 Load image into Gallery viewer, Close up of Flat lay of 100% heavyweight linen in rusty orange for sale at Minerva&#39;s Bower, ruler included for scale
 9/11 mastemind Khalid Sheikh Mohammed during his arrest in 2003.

--

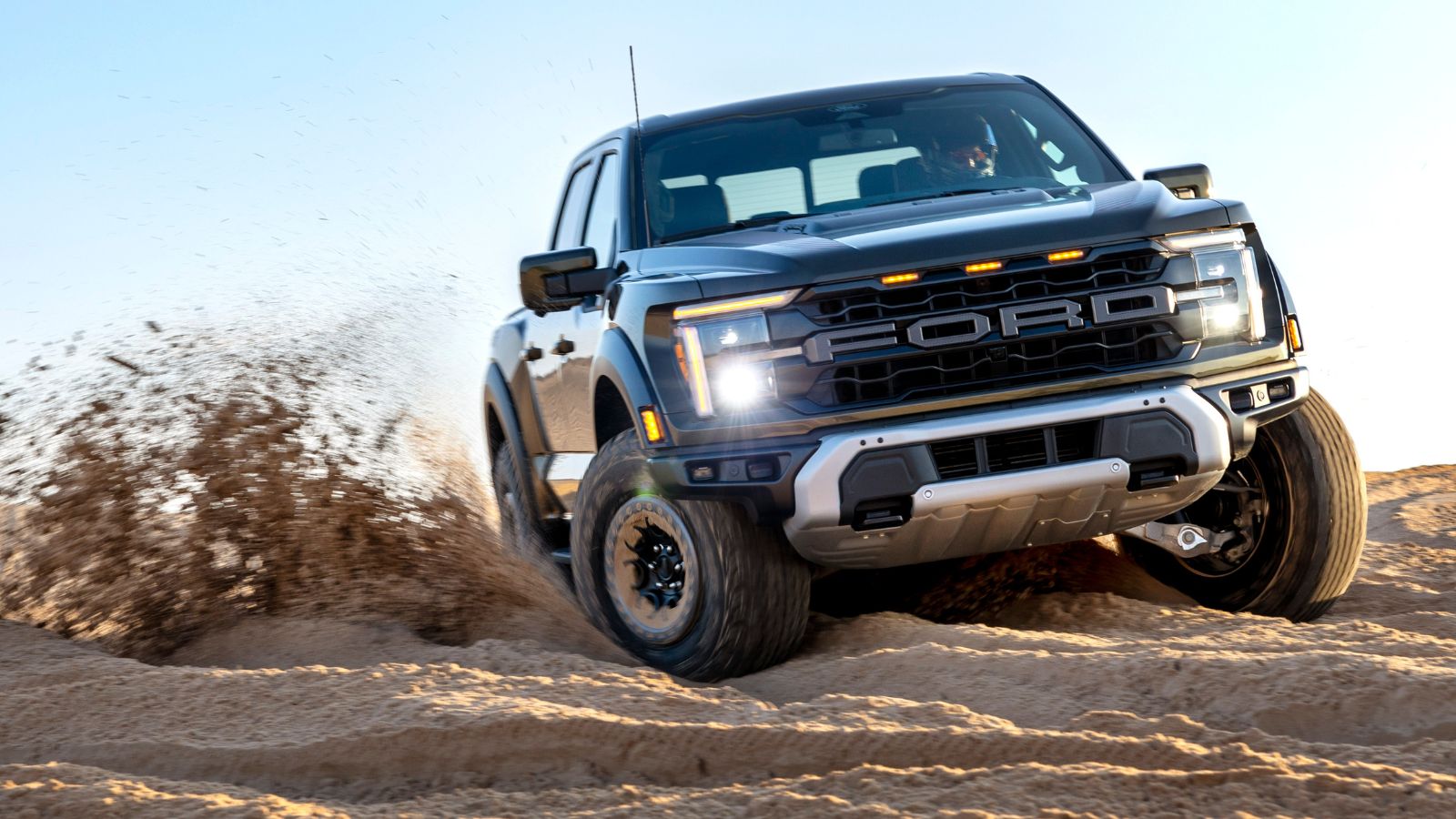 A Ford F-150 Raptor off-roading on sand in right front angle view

__What the task asks__
Retype the entries above exactly, but only from the line containing "Load image into" through the line containing "9/11 mastemind Khalid", both included.

__The completed task__
 Load image into Gallery viewer, Close up of Flat lay of 100% heavyweight linen in rusty orange for sale at Minerva&#39;s Bower, ruler included for scale
 9/11 mastemind Khalid Sheikh Mohammed during his arrest in 2003.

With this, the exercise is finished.